Marx never mentions a totalitarian or authoritarian rule. A "dictatorship of the proletariat" doesn't sound as harsh and nasty when you figure that most people are proletarian; it just means a rule of the working people. We currently have a "dictatorship of the bourgeoisie". The "transitional period" mentioned there is Socialism. Marx doesn't actually coin the term, it was used later. Talking about not wanting a "Free state", he is talking about an unfetted state, a free market, a state or a government that rules the people with freedom, rather than the other way around. The state can't be free, it has to be run and ruled by the people that live in it. This in no way means that oh shit we have to live in a dystopian reality with no freedom. It's a state run by the dictatorship, a dictatorship of working people.

No, people don't get to choose their own job ("I want to be a pilot!") or live like a king... nobody is really promising that, are they? Money still exists and people can still die of hunger and preventable illness.
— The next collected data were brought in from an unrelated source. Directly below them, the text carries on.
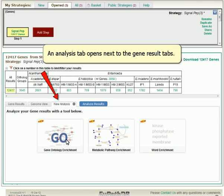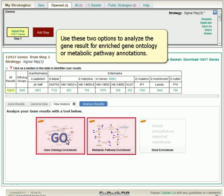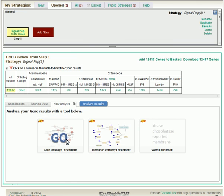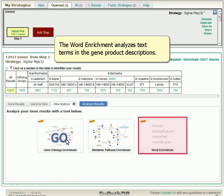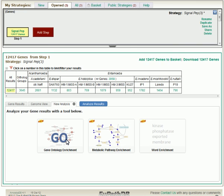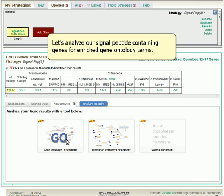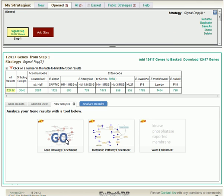An Analysis tab opens next to the Gene Result tabs. Use these two options to analyze the gene result for enriched GO ontology or metabolic pathway annotations. The word enrichment analyzes text terms in the gene product descriptions. Let's analyze our signal peptide-containing genes for enriched gene ontology terms.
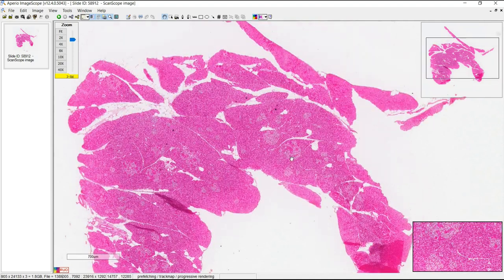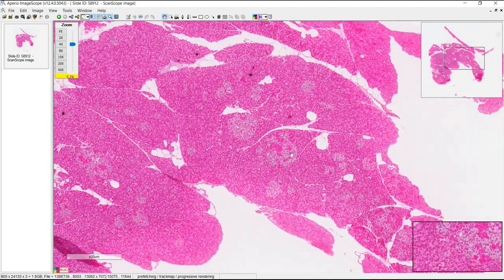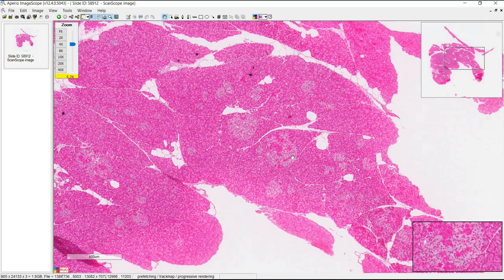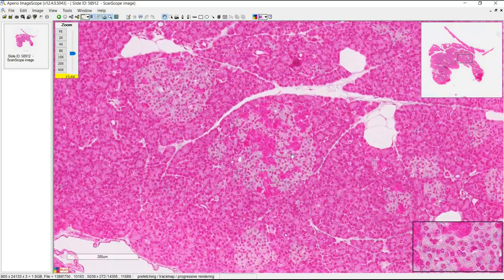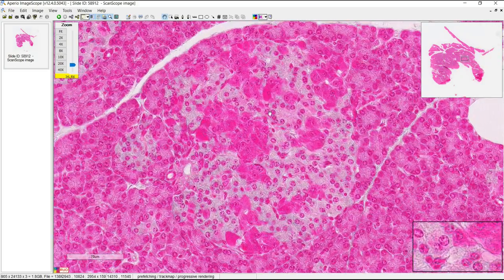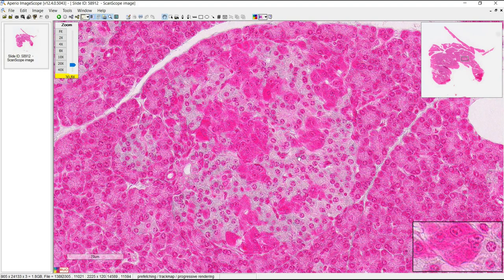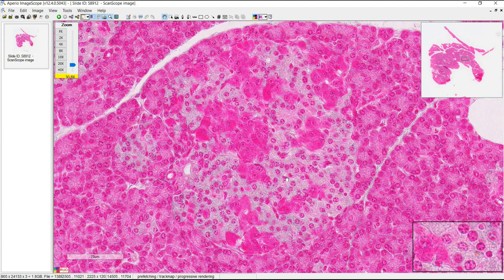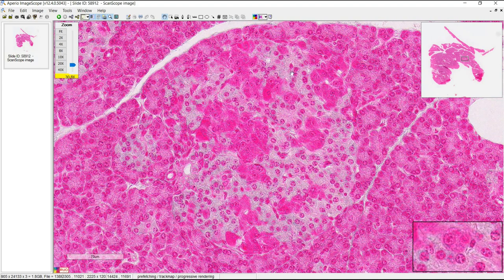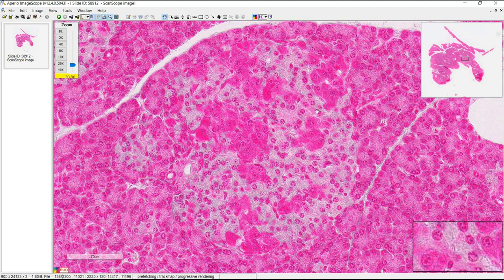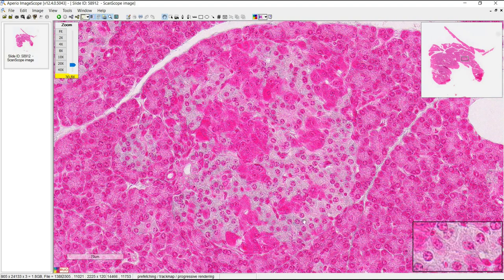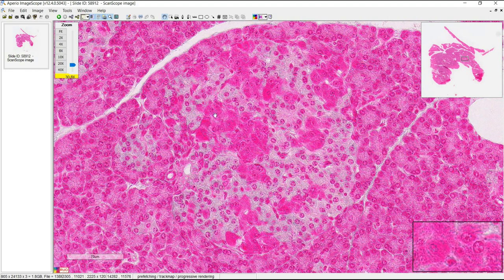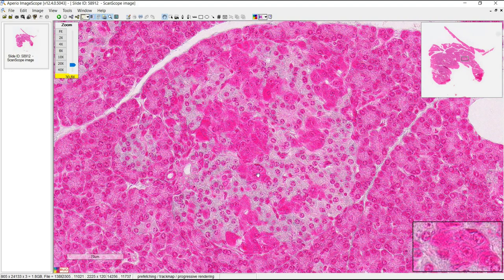This is the final slide for the pancreas. We see the islets again here. This slide uses special staining to show the different kinds of cells in the islets. The majority are beta cells that secrete insulin — those are the lighter staining ones. And these are the alpha cells that are glucagon-secreting.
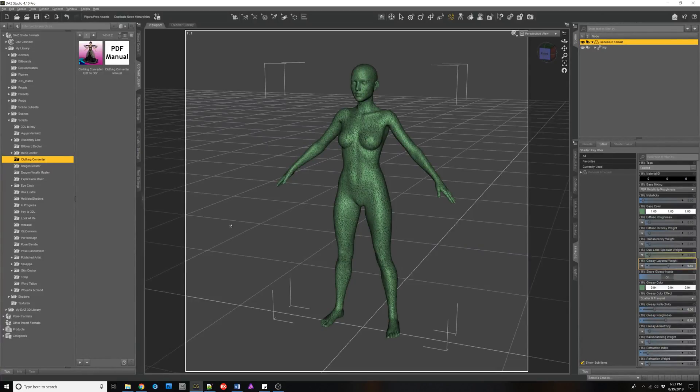Hello and welcome. I'm RiverSoftArt and I'm here today to talk about my new product, Clothing Converter from Genesis 3 Female to Genesis 8 Female.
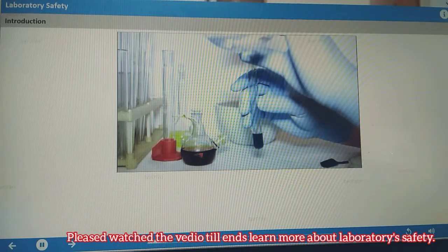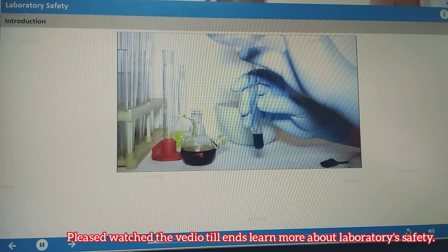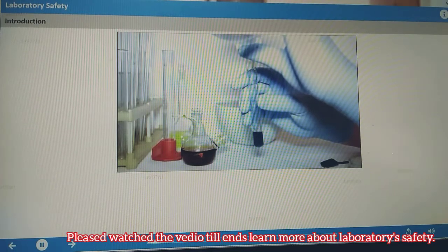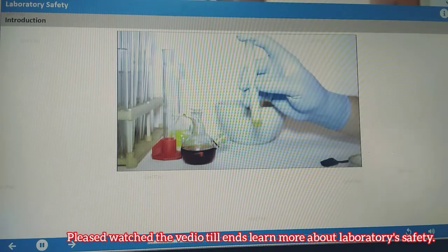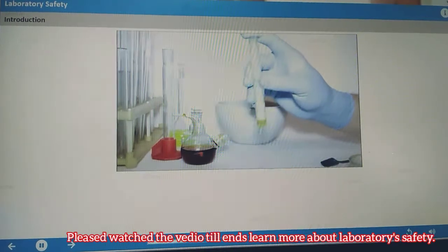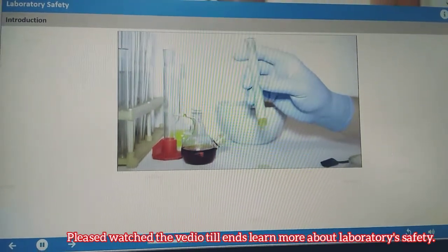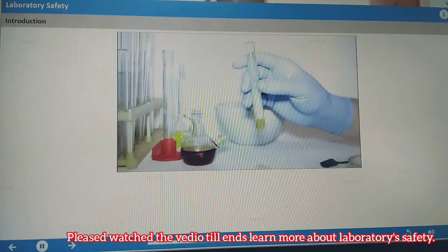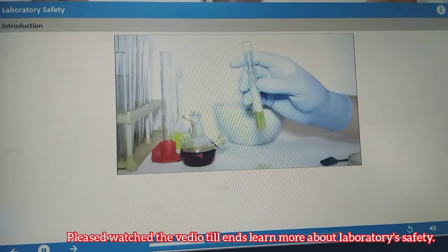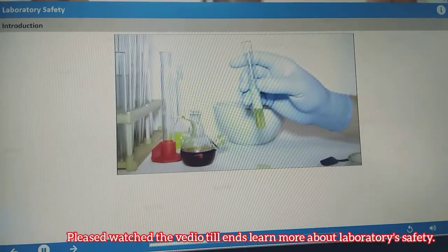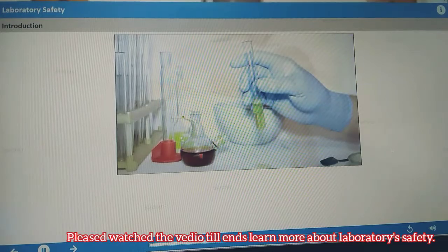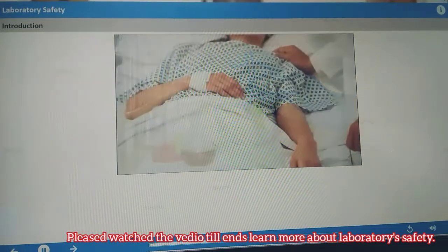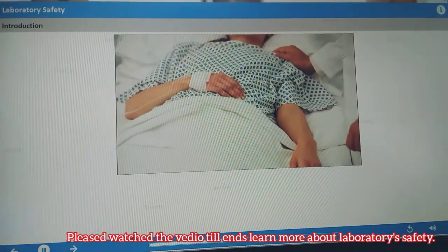A chemist was preparing an experiment that involved the use of dimethyl mercury. The professor spilled a few drops of the compound on her gloved hand, but thought the latex gloves would be protective. They proved to be inadequate, and the toxin passed through the glove and was absorbed into her system. Six months later, she slipped into a coma and died from acute mercury poisoning.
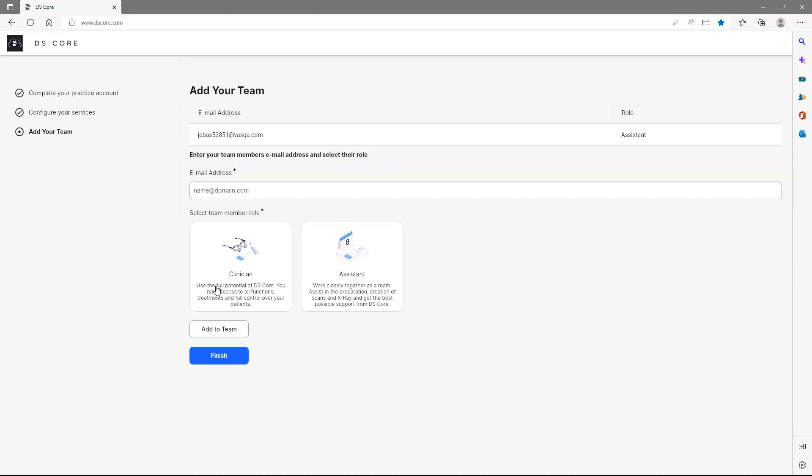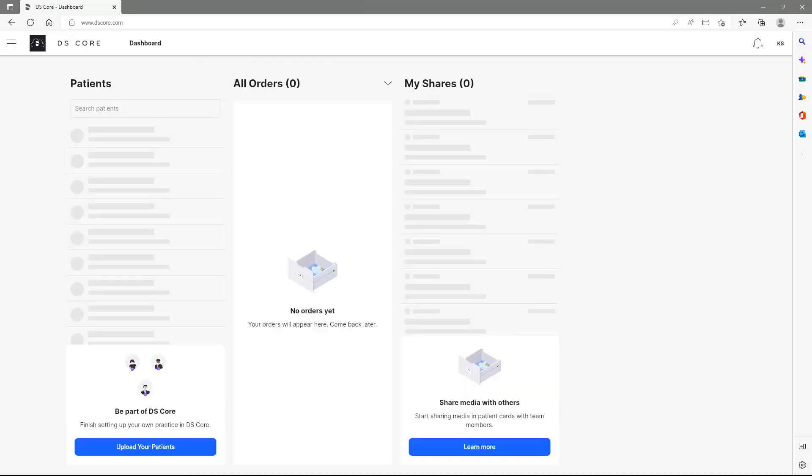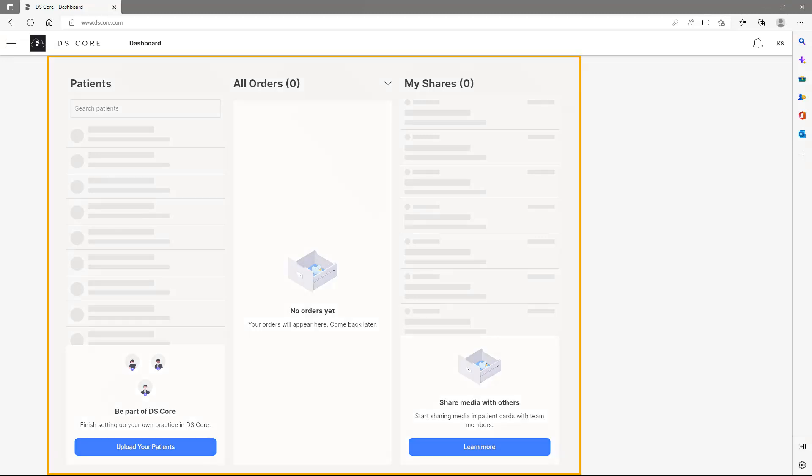Finally, we complete our configuration by tapping Finish. Now, we are on the dashboard of our DSCore account, which is divided into three sections – Patients, All Orders, and My Shares.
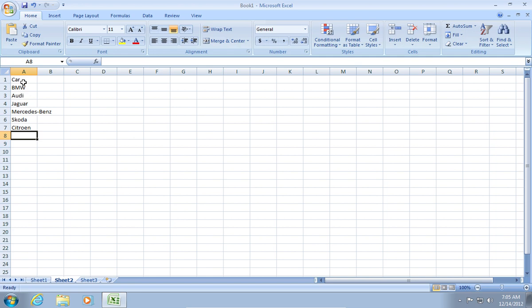Then select all cells with the car names. Change A1 to Car in the Name box.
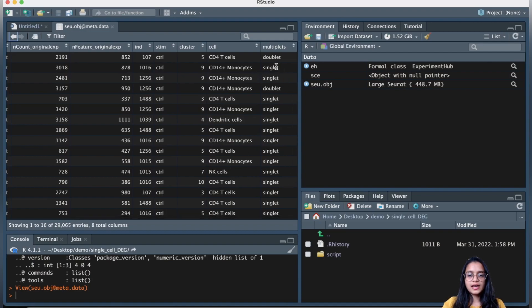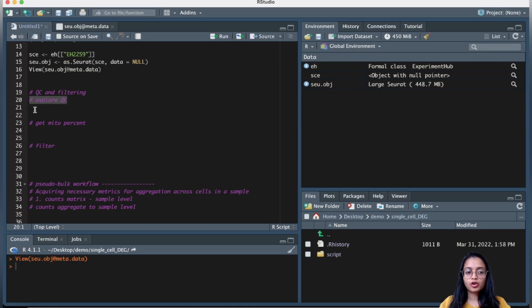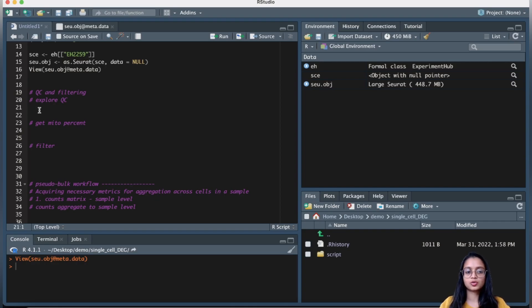It also appears this dataset has been run through a doublet finder algorithm, because certain cells are predicted as doublets and others as singlets. We essentially want to filter out the doublets in our filtering steps. For QC and filtering, I encourage you to explore and visualize your data and come up with thresholds to filter your cells. If you're unsure how to do that, check my earlier video on analyzing single-cell RNA-seq data using the Seurat workflow.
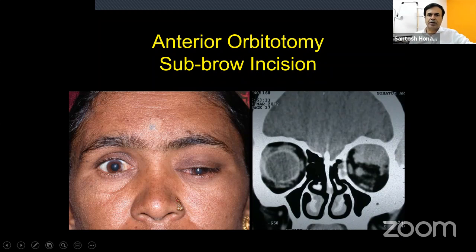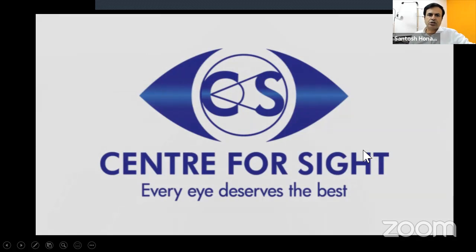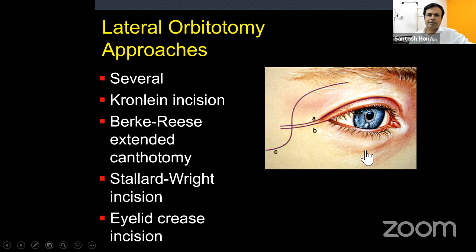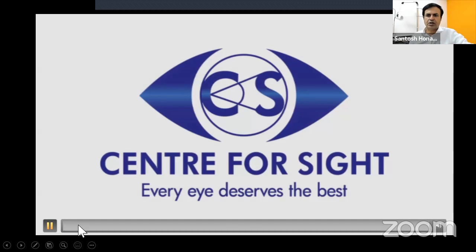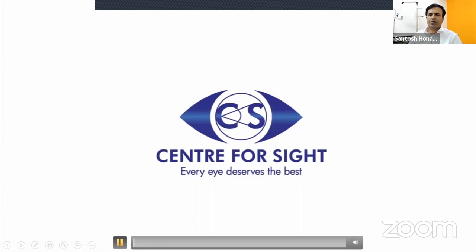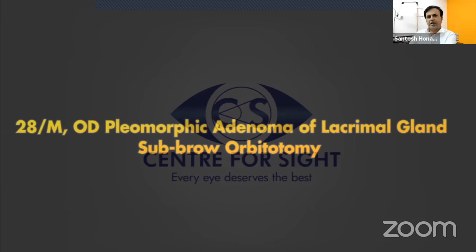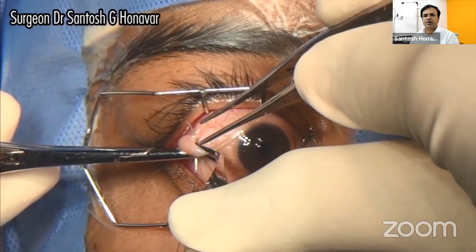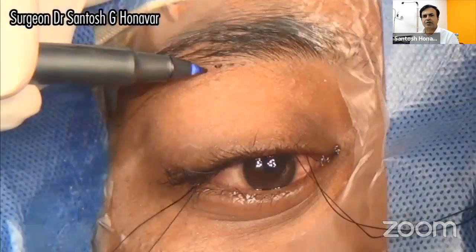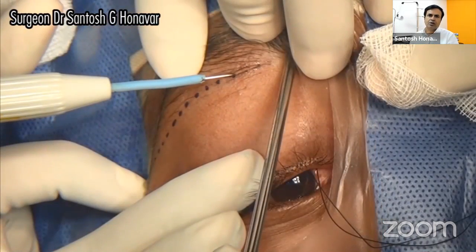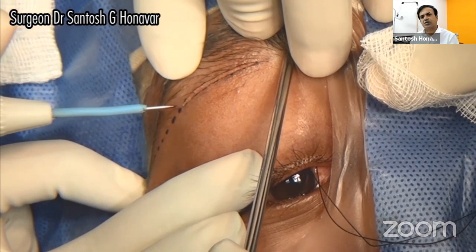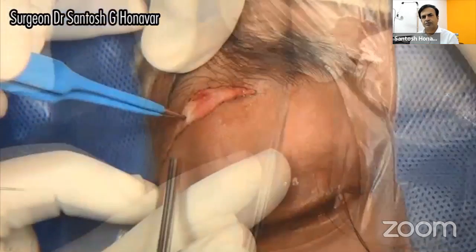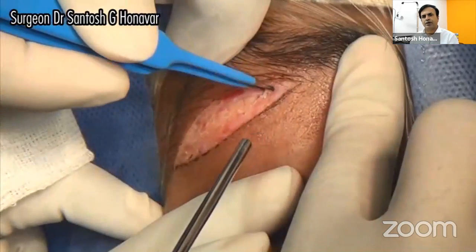For a lacrimal gland tumor with a bone defect — suggesting possible pleomorphic adenoma with malignant transformation — avoid the lid crease incision when malignancy is suspected. Use a supratemporal direct approach right on top of the lesion. Dissect through orbicularis, approach the superior orbital margin and periosteum, and prepare for a possible bone cut — though it may not always be needed. Make a periosteal incision 3–4 mm from the superior orbital margin, extending laterally to where the tumor lies.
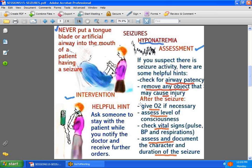After the seizure, give the patient oxygen and assess their level of consciousness to see how alert they are. Some patients go into a post-ictal state after a seizure and don't wake up right away. Check their vital signs — respirations and blood pressure. After your assessment, document this information and do not forget to document the character and duration of the seizure. If it was a grand mal, describe those jerky clonic-tonic movements. Then get help and notify the doctor about what is happening with that patient.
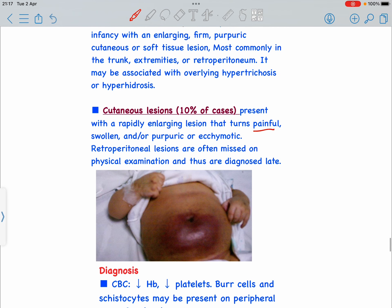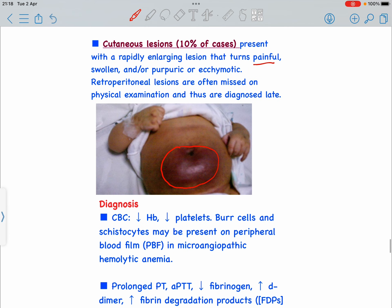This is the typical picture of Kasabach-Merritt Syndrome that can be found on Wikipedia or Google, showing cutaneous lesions that are painful, swollen, ecchymotic, and purpuric. On diagnosis, CBC shows a decrease in hemoglobin and decrease in platelets, and on peripheral blood smear we can see burr cells and schistocytes, consistent with microangiopathic hemolytic anemia.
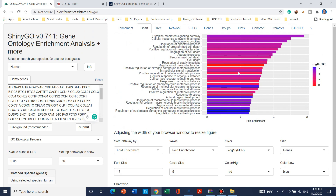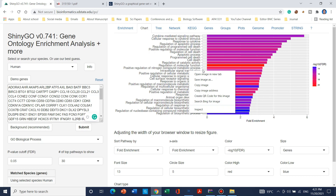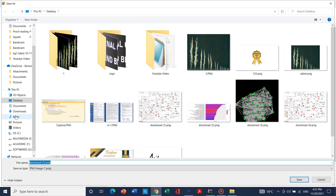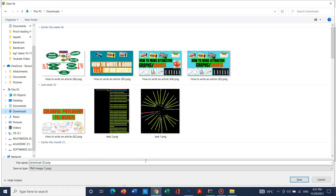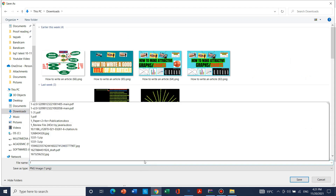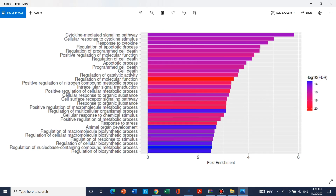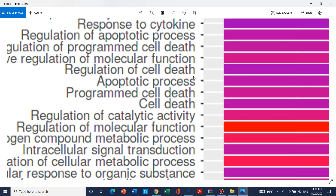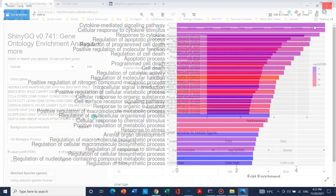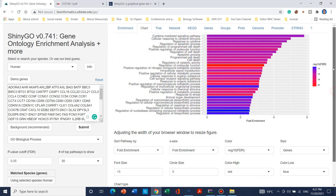If you want to use this website for your publication while doing genome-wide analysis and enrichment analysis, you can simply right-click with the mouse and save the chart as an image. You can download it and click Save. The figure will be downloaded and you can use it for later purposes such as publication or data analysis.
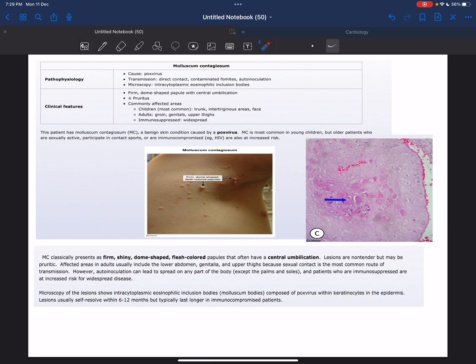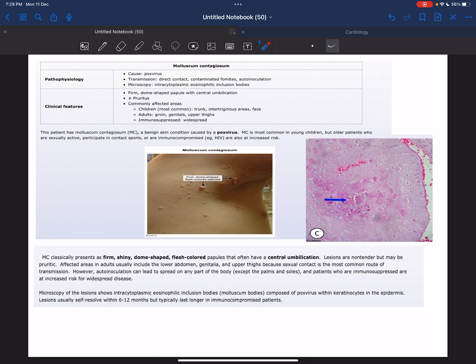Biopsy shows intracytoplasmic eosinophilic inclusion bodies of poxvirus in the keratinocytes. Now we're going to discuss the pathophysiology of molluscum contagiosum.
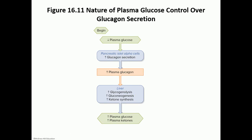How does the body control glucagon secretion? In the post-absorptive state, when plasma glucose levels go down, that stimulates the alpha cells to make glucagon. Glucagon reaches the liver, increases glycogenolysis, increases gluconeogenesis, and increases ketones — all ways of breaking down or making new glucose to restore plasma glucose levels and increase plasma ketones for other cells to use as energy.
There is still a huge difference between rich countries and poor countries. The point is to lessen these things over time by putting the means of production in the hands of a democratically run state, rather than private individuals.

As far as no unemployment goes, I am not going to download your link, but I guess it was pretty dumb to say "no unemloyment". I guess "officialy no unemployment" is closer. A group of ex-soviet citizens living in America is hardly a great basis for your study, but I can concede the point. You can have a massive city where everyone would be put to work, and then you could have a village where nobody had a job. You could have an East German town built around a tire factory where everyone had a job, and you could have a town built around a tin mine in Kazakhstan that just closed, and people would be out of work for months. I'd be pretty certain though, that it was easier to have and keep a job in the USSR than in the USA at the same time period. Especially since if you didn't deem yourself useful you would have just been conscripted into the army. Anyway, I retract my comment.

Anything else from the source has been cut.